Ce mouvement de balancier étalé sur trente-trois ans n’a pas découragé les fidèles laïcs, puisque l’attachement à la liturgie traditionnelle manifeste toujours plus sa vitalité. Toutefois, il est évident que ces différentes solutions ont toutes révélé leurs limites, y compris Traditionis custodes qui s’est révélé en bien des endroits inappliqué parce qu’inapplicable.
Il est donc nécessaire d’envisager aujourd’hui une réponse plus globale à ce problème qui persiste.
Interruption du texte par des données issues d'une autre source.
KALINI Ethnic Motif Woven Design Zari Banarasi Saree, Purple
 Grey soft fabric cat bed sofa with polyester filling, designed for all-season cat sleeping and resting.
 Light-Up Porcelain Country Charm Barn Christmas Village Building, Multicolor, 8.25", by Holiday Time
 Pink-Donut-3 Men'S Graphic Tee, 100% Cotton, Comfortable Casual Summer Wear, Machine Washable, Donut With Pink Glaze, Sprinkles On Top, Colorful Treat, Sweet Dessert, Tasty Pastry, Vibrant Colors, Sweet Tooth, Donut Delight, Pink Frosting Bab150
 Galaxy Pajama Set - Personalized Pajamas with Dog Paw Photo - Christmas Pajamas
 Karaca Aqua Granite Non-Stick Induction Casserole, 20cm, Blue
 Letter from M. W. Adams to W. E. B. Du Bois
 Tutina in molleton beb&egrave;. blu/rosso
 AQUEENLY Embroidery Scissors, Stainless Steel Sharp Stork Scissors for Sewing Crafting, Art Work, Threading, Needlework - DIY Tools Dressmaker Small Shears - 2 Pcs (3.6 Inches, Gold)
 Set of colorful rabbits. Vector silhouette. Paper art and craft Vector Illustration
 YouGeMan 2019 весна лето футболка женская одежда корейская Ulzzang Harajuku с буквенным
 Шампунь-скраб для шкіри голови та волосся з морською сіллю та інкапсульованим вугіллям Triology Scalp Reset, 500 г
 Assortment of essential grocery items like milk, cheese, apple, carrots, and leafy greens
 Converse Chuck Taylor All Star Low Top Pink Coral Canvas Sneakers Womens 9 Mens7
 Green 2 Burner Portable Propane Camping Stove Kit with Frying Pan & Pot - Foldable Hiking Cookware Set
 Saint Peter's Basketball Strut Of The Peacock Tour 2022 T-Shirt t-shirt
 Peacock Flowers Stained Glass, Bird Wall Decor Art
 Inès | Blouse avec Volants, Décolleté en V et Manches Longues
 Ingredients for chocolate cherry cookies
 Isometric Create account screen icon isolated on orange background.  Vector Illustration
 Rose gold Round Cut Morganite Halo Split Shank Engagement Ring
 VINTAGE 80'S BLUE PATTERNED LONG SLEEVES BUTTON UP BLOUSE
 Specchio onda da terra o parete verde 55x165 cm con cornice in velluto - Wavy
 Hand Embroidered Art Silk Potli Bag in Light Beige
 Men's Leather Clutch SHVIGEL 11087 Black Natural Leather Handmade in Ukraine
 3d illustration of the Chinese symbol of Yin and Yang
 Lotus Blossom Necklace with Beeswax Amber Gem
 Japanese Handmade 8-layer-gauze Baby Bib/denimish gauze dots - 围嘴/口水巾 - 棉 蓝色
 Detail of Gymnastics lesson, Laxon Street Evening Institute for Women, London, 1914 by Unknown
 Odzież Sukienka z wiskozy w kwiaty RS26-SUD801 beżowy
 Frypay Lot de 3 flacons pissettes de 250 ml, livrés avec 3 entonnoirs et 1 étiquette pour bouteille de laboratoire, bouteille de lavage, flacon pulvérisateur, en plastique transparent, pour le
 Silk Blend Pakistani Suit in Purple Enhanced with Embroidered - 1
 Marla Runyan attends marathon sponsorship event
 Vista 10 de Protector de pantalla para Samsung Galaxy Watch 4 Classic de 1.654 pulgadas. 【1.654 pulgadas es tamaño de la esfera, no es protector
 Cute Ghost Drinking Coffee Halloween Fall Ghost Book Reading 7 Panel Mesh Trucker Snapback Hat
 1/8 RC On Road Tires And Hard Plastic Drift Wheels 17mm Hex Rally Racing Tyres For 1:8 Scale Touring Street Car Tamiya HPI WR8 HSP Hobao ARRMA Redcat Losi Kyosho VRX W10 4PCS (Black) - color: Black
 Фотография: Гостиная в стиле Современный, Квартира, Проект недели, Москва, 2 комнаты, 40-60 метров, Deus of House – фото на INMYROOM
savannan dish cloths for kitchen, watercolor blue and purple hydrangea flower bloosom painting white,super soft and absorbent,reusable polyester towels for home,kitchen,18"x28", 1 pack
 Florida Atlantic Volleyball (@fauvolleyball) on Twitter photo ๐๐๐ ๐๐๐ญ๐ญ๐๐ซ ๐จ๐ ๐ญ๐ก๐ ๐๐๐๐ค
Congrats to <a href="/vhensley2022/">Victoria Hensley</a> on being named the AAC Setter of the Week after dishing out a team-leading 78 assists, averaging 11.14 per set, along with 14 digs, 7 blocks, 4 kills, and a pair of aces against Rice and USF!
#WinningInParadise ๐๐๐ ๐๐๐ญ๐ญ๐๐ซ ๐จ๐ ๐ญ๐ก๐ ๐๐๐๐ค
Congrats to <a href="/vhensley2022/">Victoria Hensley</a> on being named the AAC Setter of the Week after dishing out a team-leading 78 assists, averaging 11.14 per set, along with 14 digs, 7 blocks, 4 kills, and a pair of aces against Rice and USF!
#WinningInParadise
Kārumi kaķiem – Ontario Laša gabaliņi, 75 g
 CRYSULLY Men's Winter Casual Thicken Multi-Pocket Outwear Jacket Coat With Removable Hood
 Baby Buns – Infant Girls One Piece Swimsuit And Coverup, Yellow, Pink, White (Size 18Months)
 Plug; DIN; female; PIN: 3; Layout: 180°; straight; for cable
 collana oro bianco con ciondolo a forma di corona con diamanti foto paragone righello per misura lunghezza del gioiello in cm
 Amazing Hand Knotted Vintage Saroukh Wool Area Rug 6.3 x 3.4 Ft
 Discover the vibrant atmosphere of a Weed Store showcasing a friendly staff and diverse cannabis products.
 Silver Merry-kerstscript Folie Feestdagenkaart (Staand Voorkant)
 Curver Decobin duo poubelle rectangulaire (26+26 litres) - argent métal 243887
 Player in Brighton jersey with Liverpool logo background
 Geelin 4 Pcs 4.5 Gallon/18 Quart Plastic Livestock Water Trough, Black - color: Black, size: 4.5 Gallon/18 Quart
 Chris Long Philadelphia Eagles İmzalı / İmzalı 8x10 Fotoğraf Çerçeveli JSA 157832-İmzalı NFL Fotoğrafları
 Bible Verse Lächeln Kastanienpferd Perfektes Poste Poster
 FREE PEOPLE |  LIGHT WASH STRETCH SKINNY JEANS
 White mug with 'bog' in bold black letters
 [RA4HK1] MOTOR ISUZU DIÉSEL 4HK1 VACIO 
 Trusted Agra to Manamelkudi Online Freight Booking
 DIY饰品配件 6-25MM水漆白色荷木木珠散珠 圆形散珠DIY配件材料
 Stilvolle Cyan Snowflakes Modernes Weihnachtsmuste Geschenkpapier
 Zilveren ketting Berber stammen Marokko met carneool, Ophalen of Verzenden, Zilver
L’« ordinariat traditionnel » constitue une réponse possible. Elle n’est pas proposée comme un système destiné à remplacer ni absorber ce qui existe actuellement (les instituts traditionnels, les conventions avec les évêques qui régissent leurs apostolats, les paroisses personnelles, etc.). Mais un tel ordinariat sera un outil de plus pour garantir l’accès des fidèles à tous les sacrements sous la forme traditionnelle qui convient au bien de leurs âmes.
Comme d’autres avant lui, M. Shaw objecte que l’établissement de cet ordinariat ne garantit pas nécessairement qu’il y aura davantage de prêtres et de lieux pour offrir ces sacrements. C’est vrai, mais du moins, dans tous les lieux déjà existants, les fidèles pourront-ils recevoir tous les sacrements. Actuellement, plusieurs diocèses français, pourtant dotés de lieux et de prêtres en suffisance, limitent ou interdisent l’accès à la confirmation et au mariage dans l’ancien rite. L’établissement d’un ordinariat traditionnel lèverait ces obstacles.
C’est aussi une garantie pour l’Eglise de bien intégrer ces fidèles, en les arrimant solidement à la hiérarchie. L’ordinariat proposé aiderait donc à réduire les tensions, il constituerait un facteur de paix et d’unité dans la diversité, tout en respectant les critères de la communion ecclésiale, puisque la structure s’intégrerait dans la hiérarchie de l’Eglise.